Also it’s not that hard to predict well in advance and arbitrage away.


According to the article (and the discussed research) this was only a minor factor:

"The researchers also explored the possibility that index changes are more predictable today than in the past, leading sophisticated market participants to trade ahead of the events. They concluded that this played only a minor role in their findings, however."

The two main factors being:

"...an increase in migrations over time from the S&P MidCap 400 index, and an overall increase in the market's ability to provide liquidity to those investors seeking to buy and sell around the time of index changes.

The additional liquidity has 'made it easier for everyone to trade, and as a result, the prices move less.' says Dr. Greenwood.

And with more stocks migrating to the S&P 500 from the S&P MidCap 400, midcap funds are selling as S&P 500 funds are buying, leading to 'a wash' in demand, he says.

"


This factor is actually lessening over time. The BlackRocks and Vanguards of the world have dozens, even hundreds, of index funds - all with different benchmarks and goals. When a stock is "rebalanced" out of one fund, it ends up being added to some other fund that the same company manages. So the transfer occurs as a notation on the internal books; no actual arbitrage-able trade actually happens. This is even happening in the ESG space - we are starting to see fund "pairs" - one fund tracks the companies that meet the specific rules of that fund, and the other tracks the companies that do not.

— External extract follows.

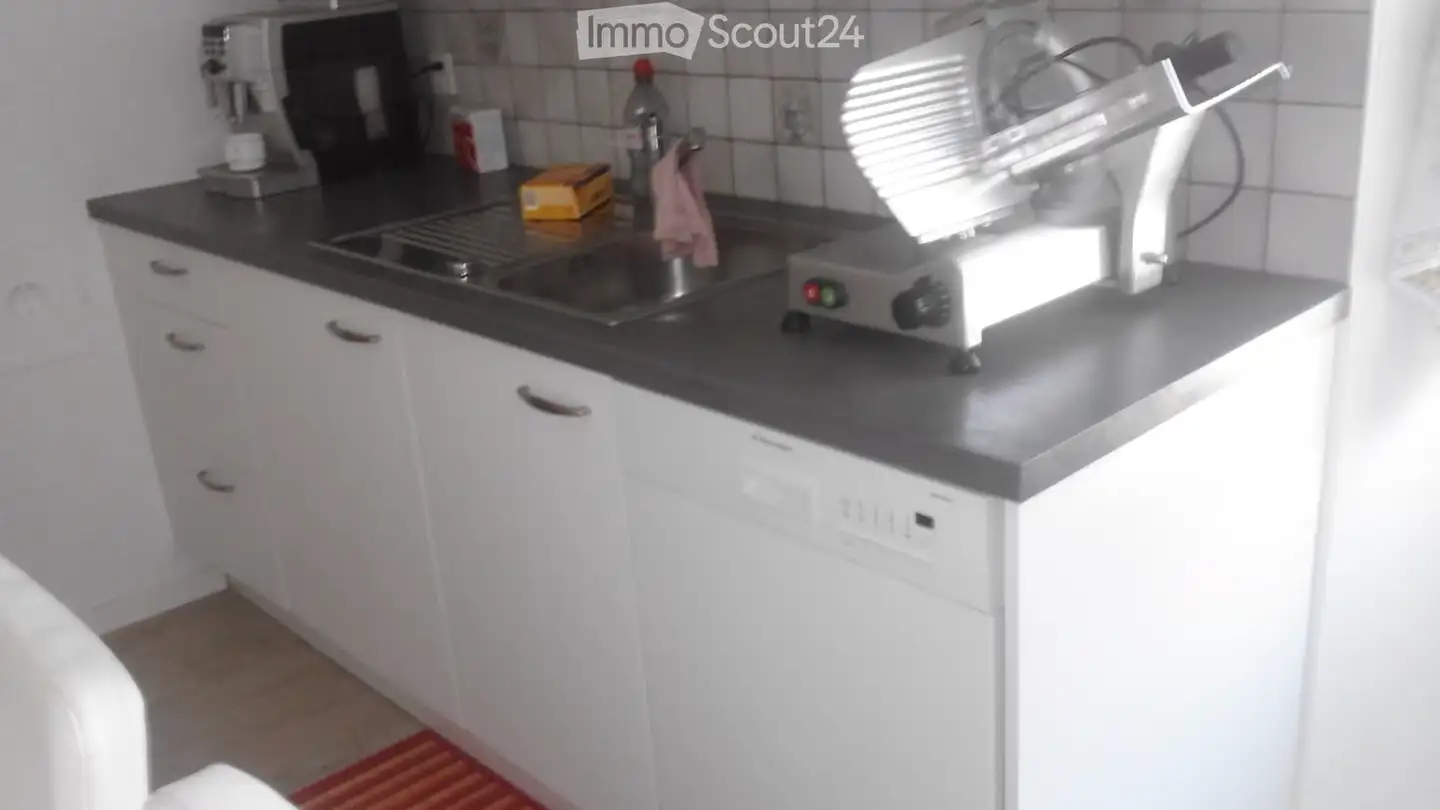 Apartment for rent - A Torascia 66, 6702 Claro - Photo 3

Note that this isn't perfect - index fund A has more assets under management than index fund B, etc. But as index investing grows, the actual investor inflows and outflows are what dominate, not rebalancing moves.


> This is even happening in the ESG space - we are starting to see fund "pairs" - one fund tracks the companies that meet the specific rules of that fund, and the other tracks the companies that do not.

This is very interesting. Do you have any examples of these funds?


There is an easy to understand white paper about this concept at CRSP’s website. Their particular ESG indexes aren’t investable, but it seems to be only a matter of time given that all their others are.